Minimal Residual Disease (MRD) Detection By Flow Cytometry during Aplasia and Post-Induction Is an Independent Prognostic Parameter for Relapse-Free Survival in AML

The identification of patients at high risk of relapse is crucial for treatment stratification in acute myeloid leukemia (AML). Persistence and reoccurrence of AML cells with aberrant phenotypes can be assessed by flow cytometry at high sensitivity in more than 95% of patients. Therefore, assessment by flow cytometry enables determination of MRD status in patients without suitable molecular markers (e.g. NPM1). Previously, we demonstrated that early detection of MRD during aplasia is associated with shorter relapse-free survival (RFS) after intensive induction chemotherapy (Köhnke T et al., Leukemia 2015). Here, we aimed to validate these findings in an independent patient cohort. In addition, we assessed the prognostic value of a combined MRD determination during aplasia and post induction for improved prediction of relapse-free survival (RFS).

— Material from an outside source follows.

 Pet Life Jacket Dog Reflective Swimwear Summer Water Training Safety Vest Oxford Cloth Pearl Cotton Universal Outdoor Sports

Flow cytometry MRD was analyzed in patients with AML (excluding APL) diagnosed between 2012 and 2016 receiving intensive induction chemotherapy (sHAM or 7+3). MRD flow analysis was performed using a NAVIOS flow cytometer. Presence ≥0.1% Leukemia-associated immunophenotype (LAIP)-positive cells (identified by comparison with bone marrow from healthy donors) during aplasia or post-induction defined MRD positivity. Kaplan-Meier estimators and log-rank tests were used to retrospectively analyze survival data. Cox's proportional hazards regression model was used to determine the influence of individual factors in multivariate analyses. Pearson's chi square test was used to compare categorical variables between MRD groups.

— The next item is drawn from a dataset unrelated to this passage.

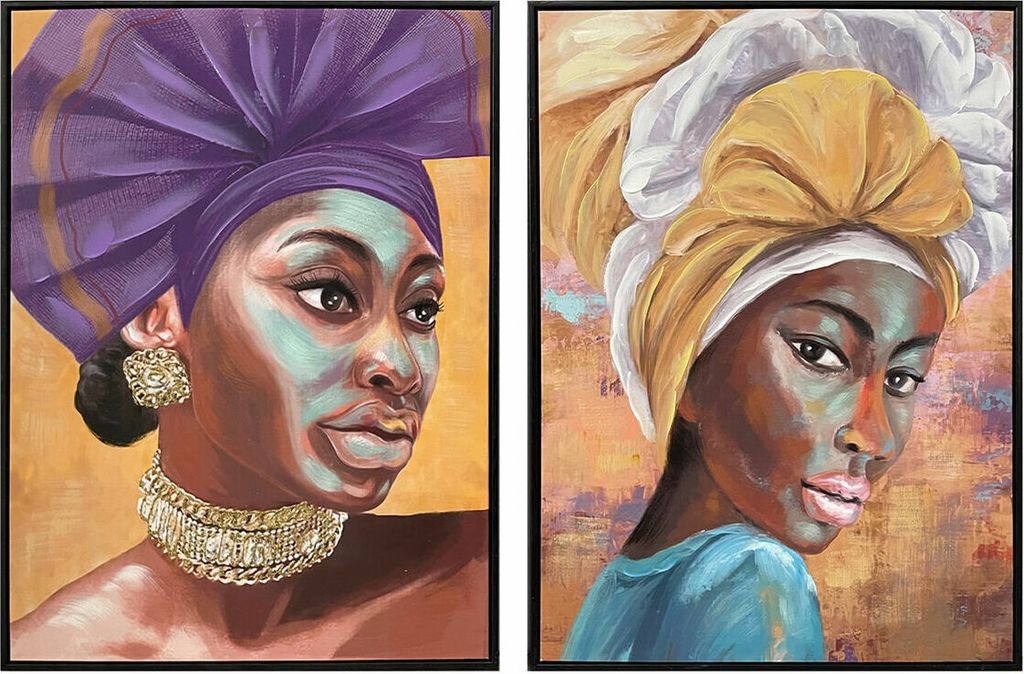 Lienzo DKD Home Decor 60 x 3,5 x 80 cm Afrikanischer Kolonialstil (2 Stück)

A total of 105 patients were included. In 3 cases (2.9% of all cases), no LAIP could be identified, and these patients were excluded from further analyses. MRD assessment during aplasia was available in 87 cases. Regarding flow MRD assessment post induction, patients refractory to induction therapy were excluded. Therefore, 72 patients had flow MRD assessments available post induction therapy. 59 patients achieving CR or CRi after induction therapy had flow MRD assessments available at both time points.

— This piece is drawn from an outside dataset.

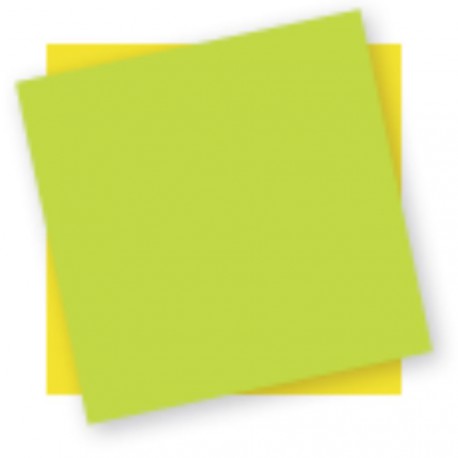 Bouquet bulle 7 tiges - Collection 2 feuilles Jaune/Vert Anis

MRD positivity during aplasia was associated with refractory disease (36.2% vs. 10.0% for MRD pos. vs. MRD neg., p=0.017) and shorter median event-free survival (EFS, 5.8 vs. 15.7 months, p=0.011). Importantly, early blast clearance by morphology had no prognostic value if flow MRD assessment was available (HR for EFS 2.0, p=0.03 for flow MRD vs. HR 1.6 and p=0.17 for Blast clearance by morphology). However, differences in median RFS for MRD^pos vs. MRD^neg patients (10.3 vs. 20.5 months) for assessment during aplasia have not reached significance yet (p=0.135). MRD^pos patients post induction had significantly shorter median EFS (10.8 vs. 15.7 months, p=0.032) and RFS (7.7 months vs. not reached, p=0.007) than MRD^neg patients. Using a combination strategy for aplasia and post induction assessments, we grouped patients with MRD positivity at both timepoints (confirmed MRD positivity) vs. all others (MRD^neg or MRD^uncertain). Confirmed MRD positivity was associated with significantly shorter median EFS (6.7 vs. 15.7 months, p=0.003) as well as RFS (4.4 months vs. not reached, p=0.002). Confirmed MRD positivity was an independent predictor of EFS and RFS (HR 2.7 and 2.8, p=0.017 and p=0.018, respectively).

Taken together, patients with confirmed two-time flow MRD positivity showed lower EFS and RFS compared to MRD^neg or MRD^uncertain patients, respectively. Identification of patients with poor treatment response was improved in comparison with cytomorphologic assessment or independent flow MRD assessments at both timepoints alone. Using this approach, early identification of patients with adverse prognosis is possible in >95% of AML patients. MRD flow will be prospectively evaluated as a therapy stratification tool in patients with AML receiving intensive induction chemotherapy.